On Wednesday, President Donald Trump signed a pair of executive orders that could transform public K-12 education in the United States. The first is an order directing federal grants to help fund state-level school choice programs, and the second attempts to ban so-called “radical indoctrination” in K-12 education.

The school choice order directs the secretary of education to issue guidance on how states can use federal formula funds to fund “K-12 educational choice initiatives.” The order also contains provisions to expand school choice opportunities for low-income families, military families, and those eligible for Bureau of Indian Education schools.

“When our public education system fails such a large segment of society, it hinders our national competitiveness and devastates families and communities,” the order reads. “For this reason, more than a dozen States have enacted universal K-12 scholarship programs, allowing families — rather than the government — to choose the best educational setting for their children.”

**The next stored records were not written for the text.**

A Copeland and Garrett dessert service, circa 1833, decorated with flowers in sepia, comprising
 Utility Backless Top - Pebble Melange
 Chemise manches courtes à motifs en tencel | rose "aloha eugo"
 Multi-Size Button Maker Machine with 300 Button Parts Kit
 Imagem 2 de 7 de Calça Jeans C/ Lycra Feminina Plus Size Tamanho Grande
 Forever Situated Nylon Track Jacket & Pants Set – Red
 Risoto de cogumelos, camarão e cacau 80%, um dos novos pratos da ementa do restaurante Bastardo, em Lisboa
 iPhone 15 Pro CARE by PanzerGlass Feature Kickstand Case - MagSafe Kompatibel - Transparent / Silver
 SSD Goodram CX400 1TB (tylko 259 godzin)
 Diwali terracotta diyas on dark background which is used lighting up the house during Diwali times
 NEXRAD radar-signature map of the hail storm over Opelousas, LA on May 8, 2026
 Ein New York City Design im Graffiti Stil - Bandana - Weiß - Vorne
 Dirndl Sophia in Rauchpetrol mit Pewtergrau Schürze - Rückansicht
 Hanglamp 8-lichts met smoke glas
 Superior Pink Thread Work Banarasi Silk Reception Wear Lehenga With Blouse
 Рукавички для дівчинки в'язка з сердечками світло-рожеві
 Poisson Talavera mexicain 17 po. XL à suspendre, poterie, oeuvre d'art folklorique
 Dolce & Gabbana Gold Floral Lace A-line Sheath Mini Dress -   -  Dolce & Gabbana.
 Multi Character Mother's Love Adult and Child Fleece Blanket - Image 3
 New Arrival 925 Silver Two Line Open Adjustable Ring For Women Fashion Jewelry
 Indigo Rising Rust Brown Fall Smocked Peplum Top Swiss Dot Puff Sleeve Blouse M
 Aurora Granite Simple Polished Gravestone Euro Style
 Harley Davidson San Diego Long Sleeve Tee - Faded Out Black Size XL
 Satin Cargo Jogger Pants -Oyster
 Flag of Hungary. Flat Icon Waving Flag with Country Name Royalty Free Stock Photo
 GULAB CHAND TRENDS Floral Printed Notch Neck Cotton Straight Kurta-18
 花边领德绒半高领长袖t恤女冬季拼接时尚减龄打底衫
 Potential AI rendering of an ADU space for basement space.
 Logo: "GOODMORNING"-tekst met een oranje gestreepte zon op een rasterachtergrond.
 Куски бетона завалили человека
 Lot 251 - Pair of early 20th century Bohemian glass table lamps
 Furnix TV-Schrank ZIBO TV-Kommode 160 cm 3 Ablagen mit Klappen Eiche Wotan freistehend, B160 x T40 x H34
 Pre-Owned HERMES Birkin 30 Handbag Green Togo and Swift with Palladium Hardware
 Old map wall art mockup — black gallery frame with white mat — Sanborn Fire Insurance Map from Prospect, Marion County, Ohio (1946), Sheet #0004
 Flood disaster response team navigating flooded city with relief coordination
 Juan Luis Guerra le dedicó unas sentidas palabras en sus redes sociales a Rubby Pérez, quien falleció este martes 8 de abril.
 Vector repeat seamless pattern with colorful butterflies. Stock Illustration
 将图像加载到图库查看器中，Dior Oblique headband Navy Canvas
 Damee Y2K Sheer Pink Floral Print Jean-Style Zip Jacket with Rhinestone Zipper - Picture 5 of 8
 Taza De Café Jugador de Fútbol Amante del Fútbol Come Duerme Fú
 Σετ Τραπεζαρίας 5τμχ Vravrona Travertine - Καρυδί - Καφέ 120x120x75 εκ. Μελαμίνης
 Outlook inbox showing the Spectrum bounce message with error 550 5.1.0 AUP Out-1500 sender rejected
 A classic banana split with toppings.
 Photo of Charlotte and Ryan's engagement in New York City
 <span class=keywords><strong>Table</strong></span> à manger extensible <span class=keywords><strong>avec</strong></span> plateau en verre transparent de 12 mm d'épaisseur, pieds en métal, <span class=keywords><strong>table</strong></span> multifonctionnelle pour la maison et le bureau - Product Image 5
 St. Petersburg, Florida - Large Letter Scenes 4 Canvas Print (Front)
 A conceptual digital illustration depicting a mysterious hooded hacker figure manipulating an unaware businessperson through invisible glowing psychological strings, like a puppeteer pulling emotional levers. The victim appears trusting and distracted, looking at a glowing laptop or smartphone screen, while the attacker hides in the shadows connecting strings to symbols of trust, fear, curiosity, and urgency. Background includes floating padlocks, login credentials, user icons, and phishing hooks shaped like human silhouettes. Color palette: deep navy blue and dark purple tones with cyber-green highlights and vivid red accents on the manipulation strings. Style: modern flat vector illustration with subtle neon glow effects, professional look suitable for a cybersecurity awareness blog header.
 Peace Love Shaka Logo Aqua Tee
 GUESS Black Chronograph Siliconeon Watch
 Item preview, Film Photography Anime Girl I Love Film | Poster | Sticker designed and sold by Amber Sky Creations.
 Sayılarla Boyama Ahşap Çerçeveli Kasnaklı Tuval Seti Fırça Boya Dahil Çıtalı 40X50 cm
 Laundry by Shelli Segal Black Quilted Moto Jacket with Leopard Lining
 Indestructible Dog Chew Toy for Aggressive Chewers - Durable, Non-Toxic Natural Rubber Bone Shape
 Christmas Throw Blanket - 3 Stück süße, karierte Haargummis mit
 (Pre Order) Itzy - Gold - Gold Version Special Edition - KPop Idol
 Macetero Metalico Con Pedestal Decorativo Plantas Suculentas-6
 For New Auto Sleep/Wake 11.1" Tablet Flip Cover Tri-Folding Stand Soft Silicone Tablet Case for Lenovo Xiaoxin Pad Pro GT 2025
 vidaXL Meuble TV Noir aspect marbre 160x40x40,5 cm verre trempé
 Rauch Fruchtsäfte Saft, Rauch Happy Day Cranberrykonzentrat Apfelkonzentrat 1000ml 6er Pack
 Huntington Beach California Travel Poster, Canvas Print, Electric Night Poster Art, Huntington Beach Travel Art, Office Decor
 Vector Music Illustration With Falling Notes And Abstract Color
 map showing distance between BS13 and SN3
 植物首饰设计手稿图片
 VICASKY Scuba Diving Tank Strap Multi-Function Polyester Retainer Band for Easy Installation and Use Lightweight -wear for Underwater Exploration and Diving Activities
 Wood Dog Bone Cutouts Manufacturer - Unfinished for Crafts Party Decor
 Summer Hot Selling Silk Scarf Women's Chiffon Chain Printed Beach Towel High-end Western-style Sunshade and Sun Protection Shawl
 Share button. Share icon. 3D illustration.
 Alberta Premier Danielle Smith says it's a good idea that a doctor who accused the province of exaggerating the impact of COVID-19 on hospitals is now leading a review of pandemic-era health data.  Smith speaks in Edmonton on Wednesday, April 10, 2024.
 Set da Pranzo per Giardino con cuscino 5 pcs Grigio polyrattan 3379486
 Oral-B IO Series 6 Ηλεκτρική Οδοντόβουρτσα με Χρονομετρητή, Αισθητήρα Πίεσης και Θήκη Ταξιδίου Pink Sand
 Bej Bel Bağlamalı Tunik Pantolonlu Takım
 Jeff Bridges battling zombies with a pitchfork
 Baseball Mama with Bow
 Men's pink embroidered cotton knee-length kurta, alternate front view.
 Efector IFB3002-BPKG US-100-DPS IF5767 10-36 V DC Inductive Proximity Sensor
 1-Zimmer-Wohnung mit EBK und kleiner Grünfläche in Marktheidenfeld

The second order denies federal funding to K-12 schools that engage in “illegal and discriminatory treatment and indoctrination in K-12 schools, including based on gender ideology and discriminatory equity ideology.” Under examples of this “discriminatory ideology,” the order lists teaching like “members of one race, color, sex, or national origin are morally or inherently superior to members of another race, color, sex, or national origin,” or that “an individual, by virtue of the individual’s race, color, sex, or national origin, is inherently racist, sexist, or oppressive, whether consciously or unconsciously.” The order also reinstates the 1776 Commission, a group dedicated to promoting “patriotic education.”

While Trump’s school-choice executive order primarily works to allow states to use federal funds to expand school-choice programs, his order against Critical Race Theory attempts to reshape the ideological tenor of many public school curricula. Governments generally have wide latitude to direct curriculum decisions in public schools, but there’s reason to be cautious of orders like this. Many “divisive concepts” measures, like this executive order, are “so vague that they arguably forbid teaching about slavery or racism at all, even uncontroversial and anodyne statements of historical fact,” warns the Foundation for Individual Rights and Expression (FIRE), a First Amendment group.

However, it’s almost certain that the “radical indoctrination” executive order is constitutional. While similar laws have generally not been upheld when they’ve been applied to universities, laws like Florida’s STOP WOKE Act have been allowed to go forward in their applications for K-12 schools. Public university professors have full First Amendment rights, but public K-12 teachers face much stricter limits on academic freedom. 

“Imprinting anti-American, subversive, harmful, and false ideologies on our Nation’s children not only violates longstanding anti-discrimination civil rights law in many cases, but usurps basic parental authority,” reads the order. “Demanding acquiescence to ‘White Privilege’ or ‘unconscious bias,’ actually promotes racial discrimination and undermines national unity.”